A tired old broadside against Wilderness Areas goes something like this: “By working to shield and set aside far-off lands as Wilderness Areas, conservationists shun the land where people live and work.” I heard this back in the 1970s from urban environmentalists. Wilderness deconstructionists picked it up twenty years later. Whether they knew it was an old slap or thought it was a new insight of theirs, I do not know. Nonetheless, it needs to be answered.

A leading wilderness deconstructionist writes:

Idealizing a distant wilderness too often means not idealizing the environment in which we actually live, the landscape that for better or worse we call home. Most of our most serious environmental problems start right here, at home, and if we are to solve those problems, we need an environmental ethic that will tell us as much about using nature as about not using it. The wilderness dualism tends to cast any use as ab-use, and thereby denies us a middle ground in which responsible use and non-use might attain some kind of balanced, sustainable relationship.[1]

The wilderness idea is half of an either/or dichotomy: either devote an area to human inhabitation and destructive economic development, or preserve it in its pristine condition as wilderness.[2]

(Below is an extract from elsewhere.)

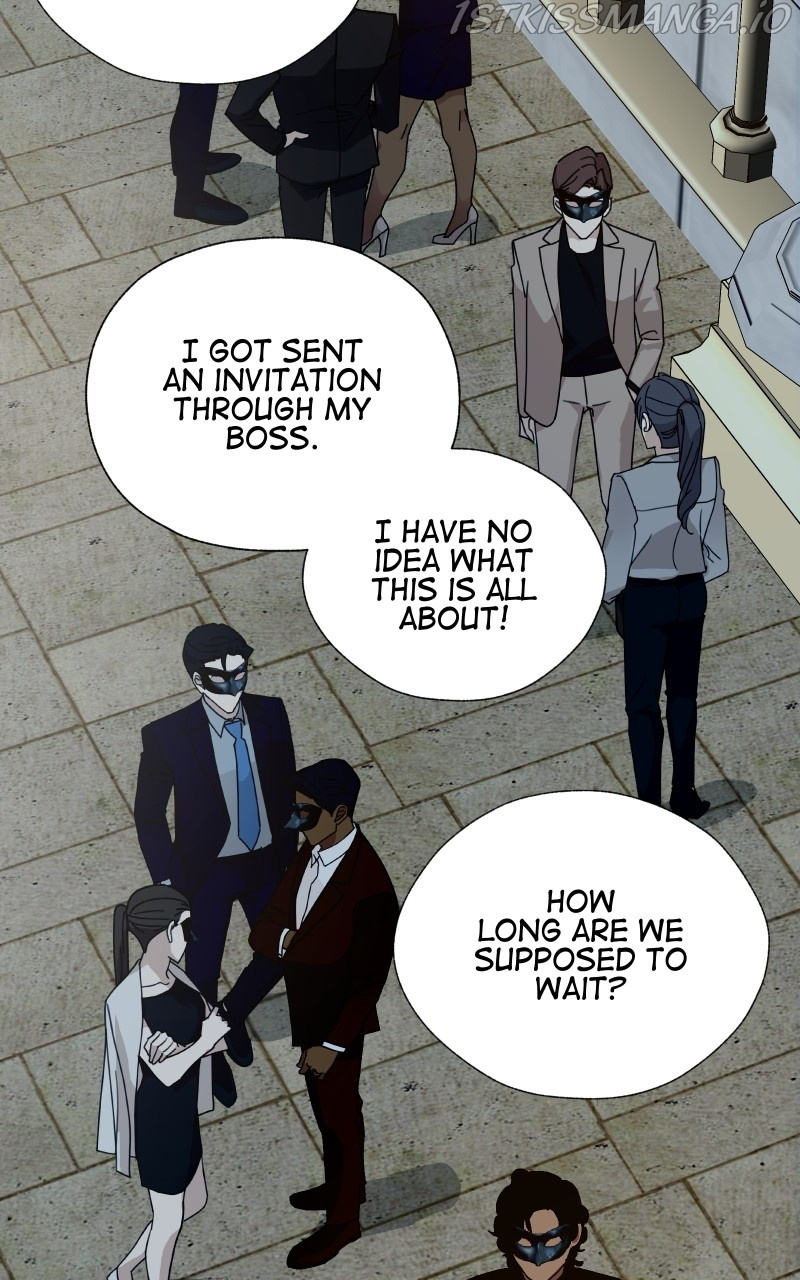 Eros Conquers All chapter 39 - page 22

 Both of these shots are made up out of thin air. They are mist and froth. There is nothing true behind either. The dichotomies are all in the heads of the writers; they are not in the history of conservation. The first statement is a playback of a Golden Oldie environmentalist swat at conservation, which said “Wilderness, when you get down to it, is of piddling worth alongside the threats that could harm Man and where we live. It’s just not relevant, man.” The writers also thoroughly muddle the work of conservationists over scores of years. They downplay the wounds Man has wreaked upon the land and seem to think we can live anywhere and everywhere.

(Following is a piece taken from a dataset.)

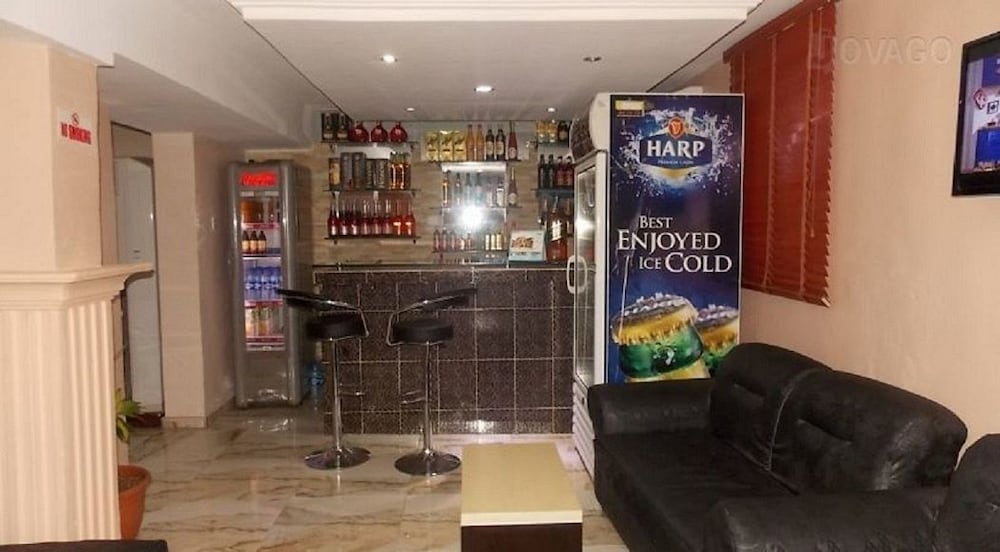 Divine Foutain Apapa Branch 11/15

I think we are on shaky ground to “idealize” any kind of land or water, whether a faraway self-willed landscape full of wildeors or a human-willed woodlot where the biggest wildeor is a raccoon. We don’t need to idealize to find Nature of however many acres or depth of wildness lovely and enthralling. We need true-to-life knowledge and time to watch and think. This is not a new catcall that I need to answer. It has been a tired whine from urban environmentalists against wilderness and wildlands conservationists for more than forty-five years. It is an old environmentalist vs. conservationist wrangle to say that our “most serious environmental problems” are at home.

This slam is all make-believe. I’ve been kicking about the wilderness field for a mighty long time and I don’t really know anyone who thinks as we are drawn by the academics quoted above.

Moreover, wilderness deconstructionists seem to think that it is unfair to say Man harms Earth. If so, they must be putting blindfolds on so they don’t feel bad about themselves. They are also looking at Man’s world instead of the wild world.